In the last three years, Tesla’s sales have risen at an annual rate of 45% to touch $41.9 billion in the June quarter. Its gross margin has also risen to 22% in Q2, compared to a margin of 14.4% in the same period in 2018.

The company has managed to lower production costs as it benefits from economies of scale and strong demand. In 2020, global EV sales rose 41% to 3.1 million units account for 4.6% of all cars sold. Now, according to a report from BloombergNEF, annual passenger EV sales might grow to 14 million by 2025 and around 60 million by 2040 giving Tesla enough room to keep growing its revenue over several decades.

The final takeaway

Similar to Tesla there are several other stocks that will stand to benefit from the augmented shift towards EVs. BloombergNEF expects electric vehicles in large automotive markets of Germany and China to account for 40% and 25% respectively of total auto sales by 2025.

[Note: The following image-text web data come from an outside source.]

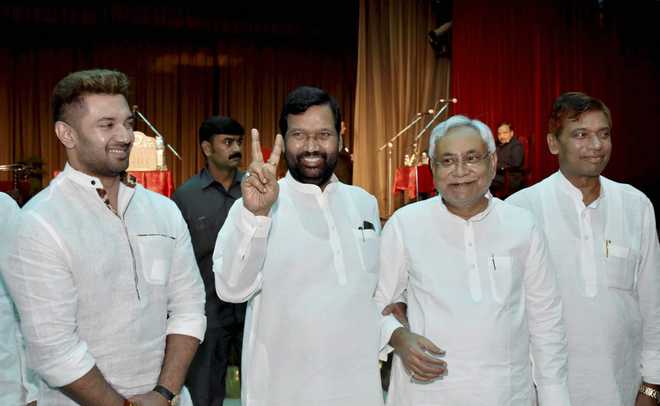 Nitish expands Cabinet, inducts 27 new ministers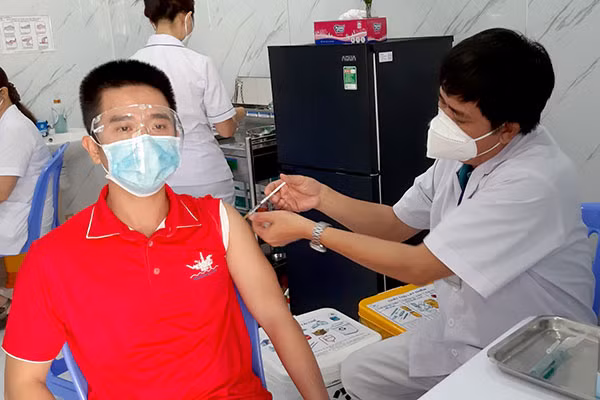 Anh Trần Hữu Đăng - kỹ sư cơ khí trên giàn Hải Thạch cho biết sau khi tiêm vaccine sẽ hoàn toàn yên tâm làm việc, cống hiến cho công ty và ngành Dầu khí.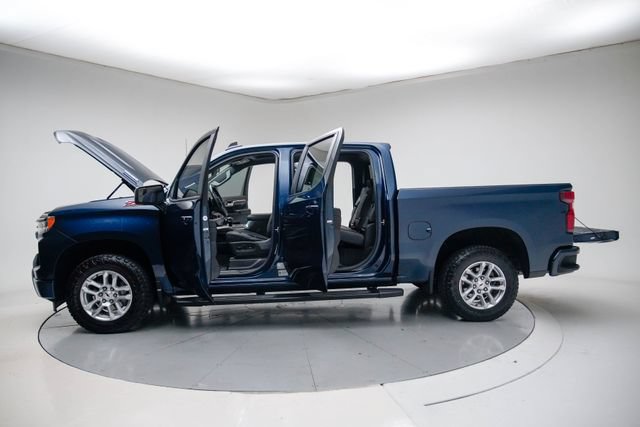 Used 2023 Chevrolet Silverado 1500 RST AWD/4WD image 19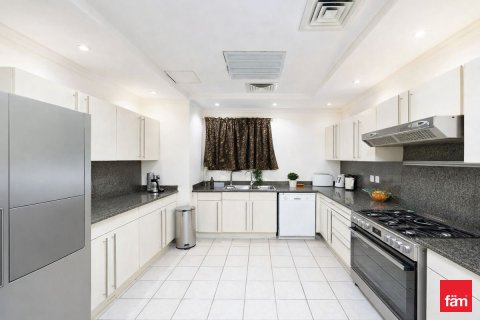 Villa de 4 chambres à Jumeirah Islands, UAE No. 144576 9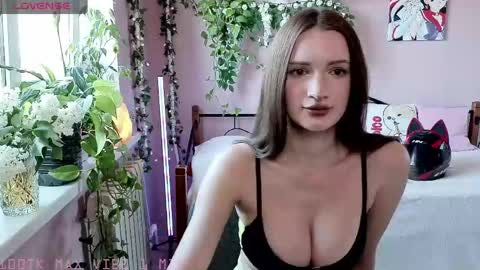 Snapshot of lick_it_up_big_boy chatting on May 9, 12:54 pm Welcome guys in my room Im Claire online show from May 9, 12:54 pm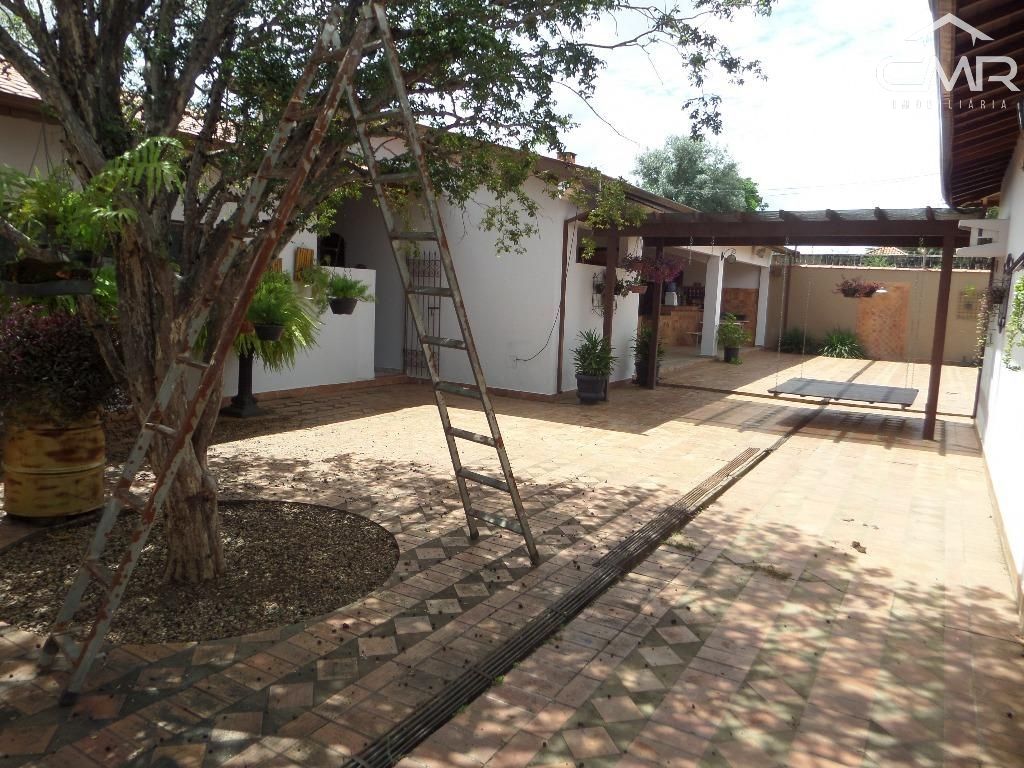 Chácara à venda com 4 quartos, 550m² - Foto 32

These trends make Chinese manufacturers such as NIO a solid bet as well. China is currently the largest EV market in the world where Tesla has constructed a manufacturing facility in Shanghai. The increase in purchasing power of the Chinese middle class as well as growing GDP rates and ongoing federal support has already enabled NIO to increase sales from $760 million in 2018 to $2.55 billion in 2020. NIO stock in fact rose over 1,100% in 2020.